Merrill Lynch & Co., the nation's biggest brokerage, on Monday unveiled a new, simpler pay plan aimed at rewarding brokers who manage bigger accounts and bring the firm business that generates ongoing fees.
The plan is another step in Merrill's efforts to emphasize continuous fee income over commission income from stock trades, which can swing with market moves. It also reflects the broader trend on Wall Street to focus on higher-net-worth customers while limiting services for smaller clients.
Merrill, which has about 15,000 U.S. brokers managing $1.5 trillion in total client assets, is aiming to reel in more investors whose assets exceed $1 million. Those wealthy customers pay fees based on their account size, not per trade.
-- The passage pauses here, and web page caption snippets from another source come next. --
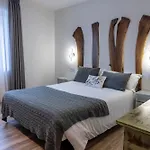 Hotel Rural Vivaldi Nature &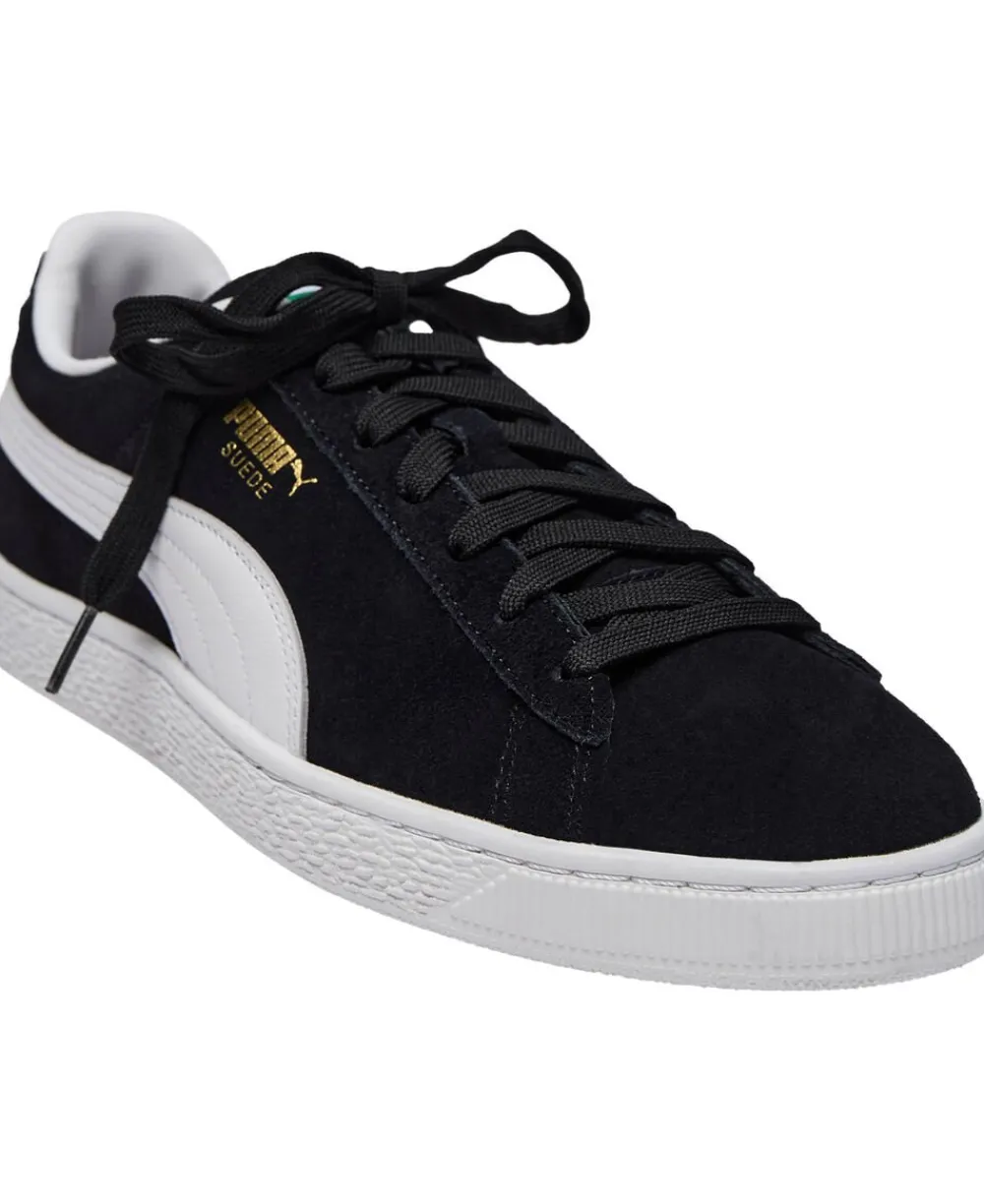 Puma Suede Classic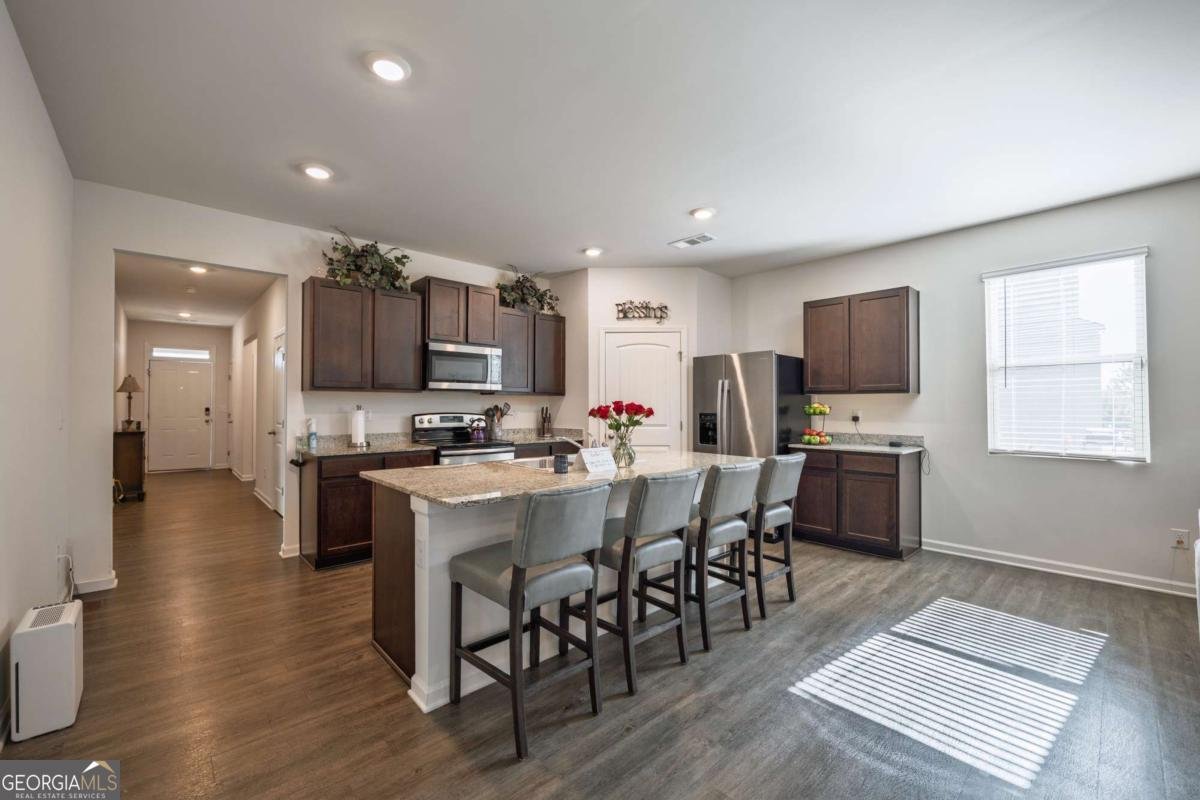 3841 Makeover Court Atlanta - 11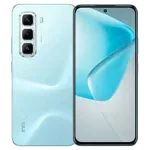Infinix Hot 50 Pro plus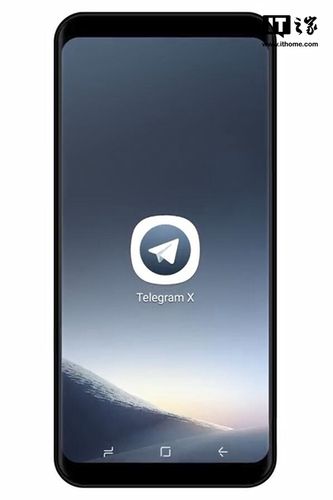 [telegeram有翻译功能吗]telegram自带的翻译怎么开?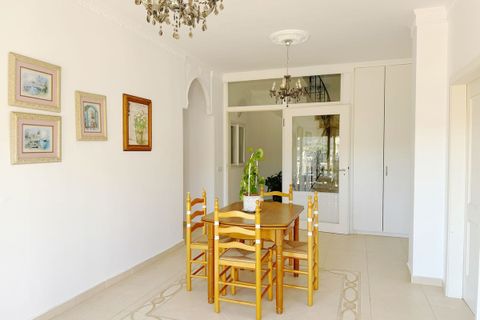 Villa i Elviria, Malaga, Elviria - € 1.450.000 | Ref: R4902220 - foto 34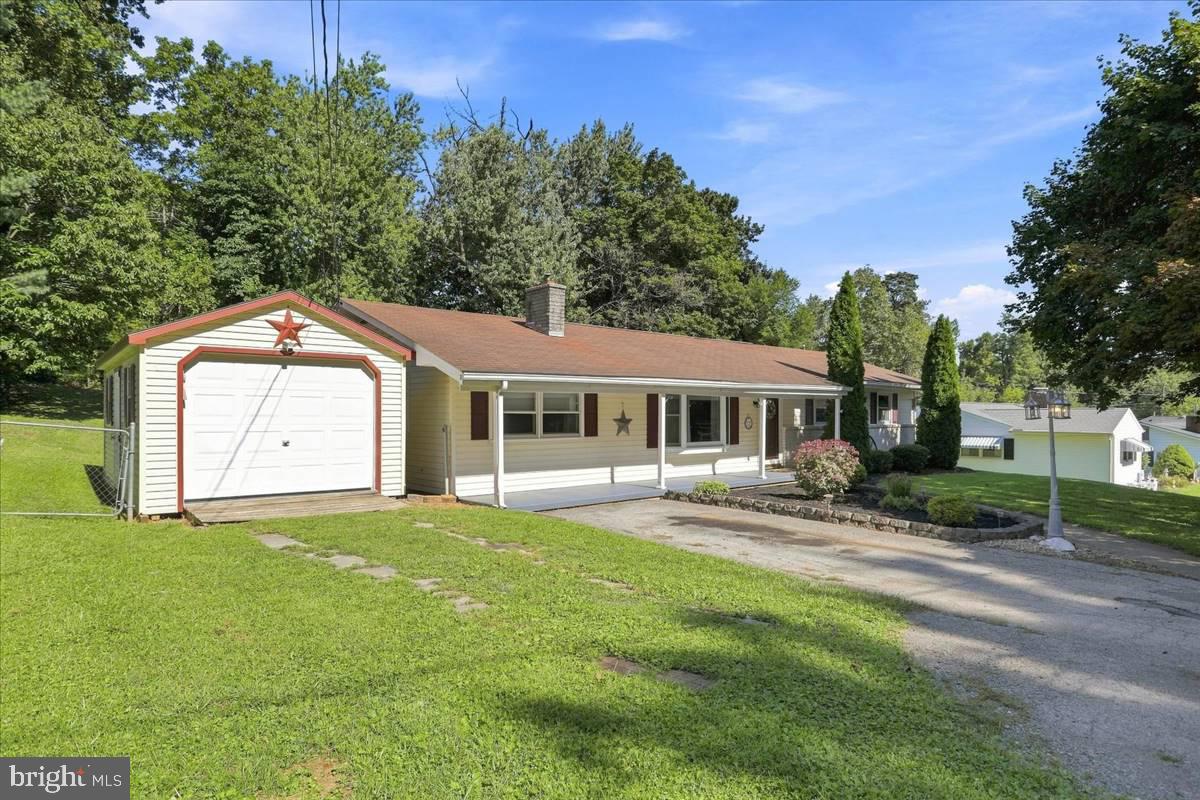 13337 North Ave Property Photo 38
Merrill's fee-based accounts are charged 1.5% a year on assets held in stock, 1% on mutual fund holdings and 0.3% on bond and cash holdings. Brokers working with those accounts now will get a bigger chunk of the compensation pie: Merrill said it will pay brokers as much as 56% of the revenue generated from fee-based accounts, up from a high of 46% in the firm's existing plan.
Brokers will get 90% of their payout in cash and 10% in long-term compensation, such as Merrill stock.
The new pay plan--which will replace a much more complicated pay scale--will take effect in 2002.
The change is part of Merrill's ongoing effort to differentiate its client base, which ranges from rich executives worth hundreds of millions of dollars to mom-and-pop investors with less than $100,000 in the stock market.
Merrill has set up call centers to deal with accounts with less than $100,000 in investable assets. Brokers don't get paid to service those accounts.
Merrill shares (ticker symbol: MER) fell 88 cents to $45.62 on the New York Stock Exchange.